━━━━━ Data supplied ━━━━━

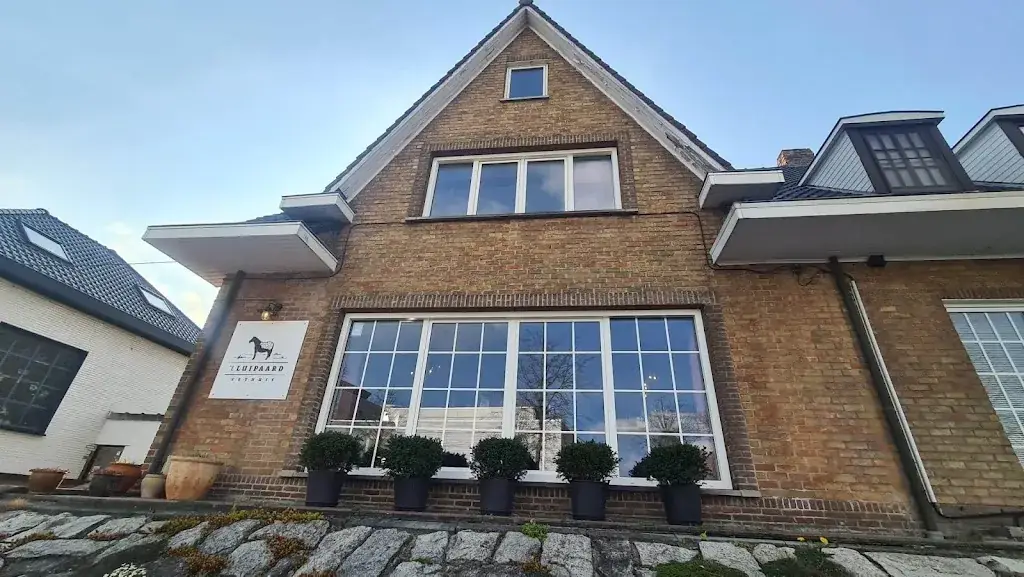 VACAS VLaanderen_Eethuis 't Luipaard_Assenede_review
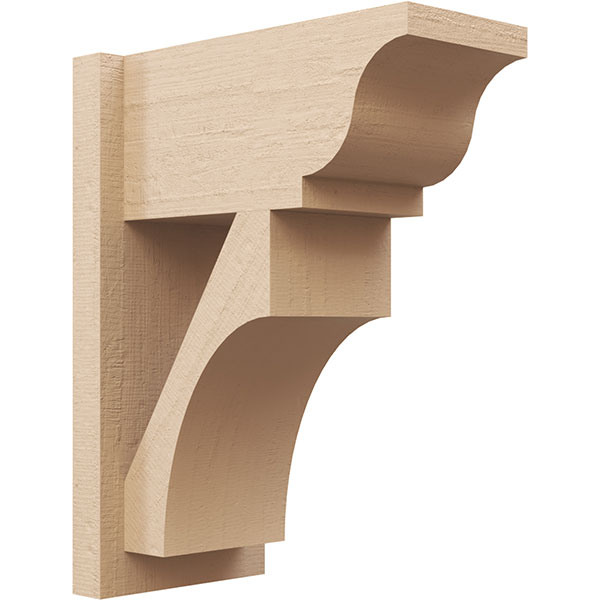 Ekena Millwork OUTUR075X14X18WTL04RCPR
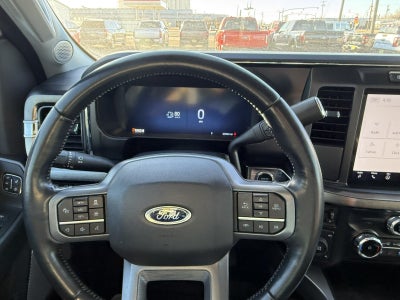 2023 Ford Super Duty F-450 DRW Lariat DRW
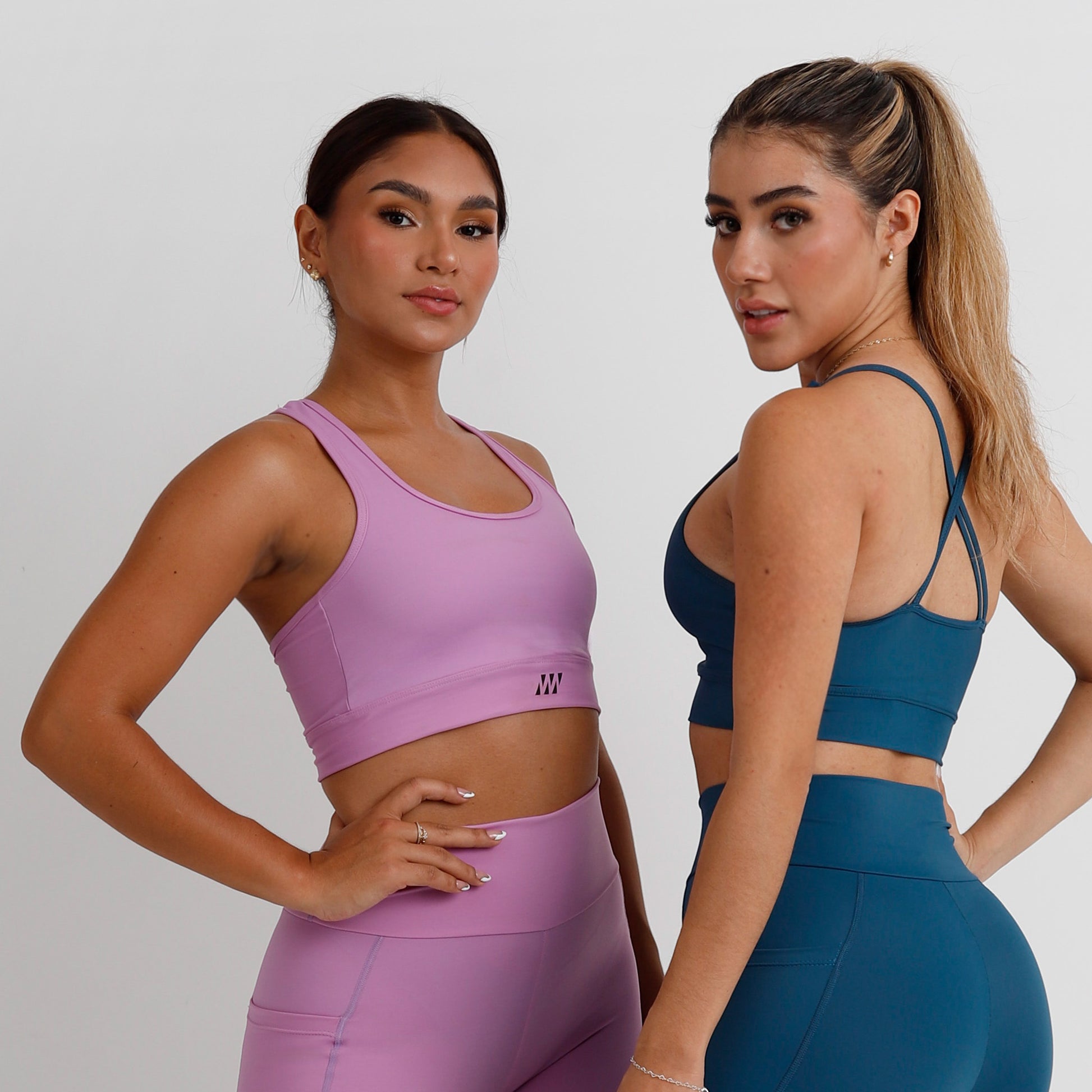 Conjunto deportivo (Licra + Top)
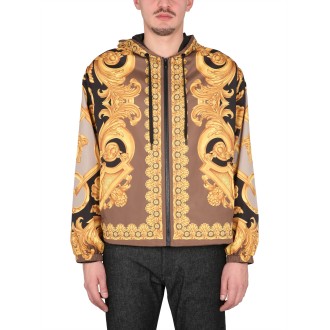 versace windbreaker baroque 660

━━━━━

● About this task: Nothing may be altered when you restate the records, but every picture must be dropped.

● Task output:
 VACAS VLaanderen_Eethuis 't Luipaard_Assenede_review
 Ekena Millwork OUTUR075X14X18WTL04RCPR
 2023 Ford Super Duty F-450 DRW Lariat DRW
 Conjunto deportivo (Licra + Top)
 versace windbreaker baroque 660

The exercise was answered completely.